I tossed the manuscript and the dog into the car, and headed over to the beach in Jenner. There I sat, in a makeshift lean-to made of huge logs, bleached like whale bones by the sun, and I edited.

Of course, in my hopeful state, I’d expected to be bowled over by my own literary daring, my own passion, my own humor. I wasn’t.

Hemingway’s famous quote came to mind:

“The first draft of anything is shit.”

I cursed him for being right, yet again, and I continued to edit. There were occasional hinds of inspiration; a few emotional outbursts, and some very rough gems.

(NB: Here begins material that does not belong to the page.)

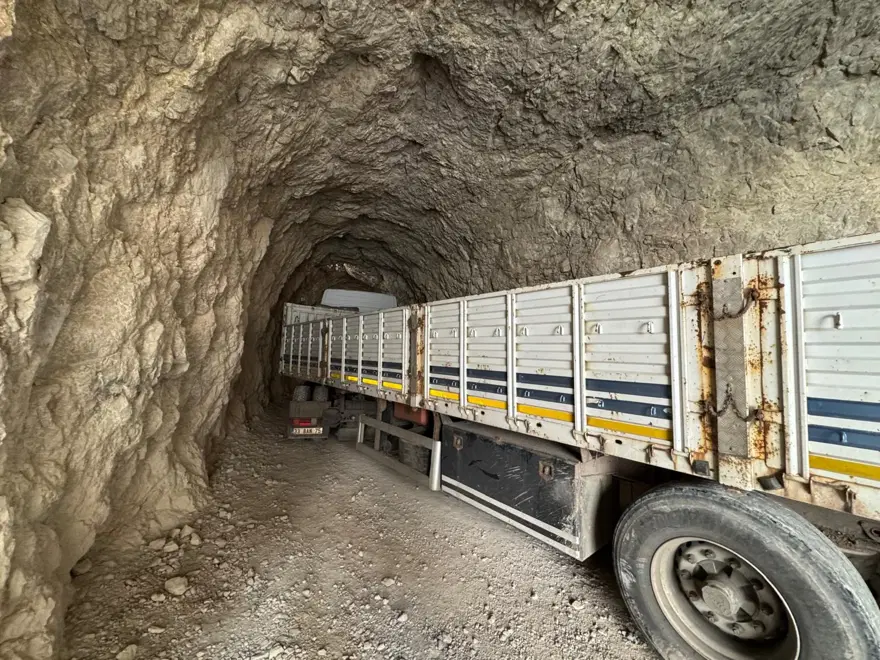 TIR tünelde sıkıştı: Tarihi yol ulaşıma kapandı 4 TIR tünelde sıkıştı: Tarihi yol ulaşıma kapandı 4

So I marked up the pages assiduously, in my nearly-illegible scrawl. Remember, by this point, our hero of the story had been rendered nearly fucking illiterate by spell check and google. (Thanks, billionaires). I had to reclaim my mind.

After I’d marked up the pages, I ran howling back to the car, Ginger in tow. We kicked up sand into the setting sun.

I then made the biggest mistake of my literary career; I began to type, word for word, the draft into the computer for refinements.

The Screenless Writer process has evolved for some years (if you start to do the math), and while I work on my latest book, The Screenless Writer (oh, it boggles the mind to think of it!), I’m editing the draft no. 4, which I’ve written from scratch yet again.

Because I didn’t want to merely sit at the typewriter for a burst of inspiration, turn out a ‘shit’ draft’, and then be tethered to a computer for countless hours. Where’s the joy in that?

By the way, I’d purchased the typewriter because I wanted to write after hours, and I was on a computer all day as a graphic designer.

The reason typing it in after draft one was a mistake, a huge mistake, was because":

  • It wasn’t joyous

  • It wasn’t ready

  • I wasn’t ready

  • The 1st draft isn’t made for copying

I’m giving a very brief outline of what I go through in the Screenless Writer book (which you’ll be able to order soon).

Copying into a computer is sheer drudgery. The non-joyous part seems obvious.

The first draft of a manuscript is like a mind dump; I call it The Blood Draft after Hemingway’s quote about sitting at the typewriter and bleeding. Some call it the Zero Draft, to showcase the fact that… it isn’t a DRAFT yet. It’s just an inner purge. So, ‘shit’ is an apt metaphor for Hemingway for more reasons than one… just get the mess that is inside to the outside, even if unpleasant to look at.

So, to go from first draft to computer edit is a flawed approach. The work will suffer alongside the writer.

Also, to only read through once and to do that? Or not at all? No. It’s too early, and screws up the conception of the order, which may already be flawed.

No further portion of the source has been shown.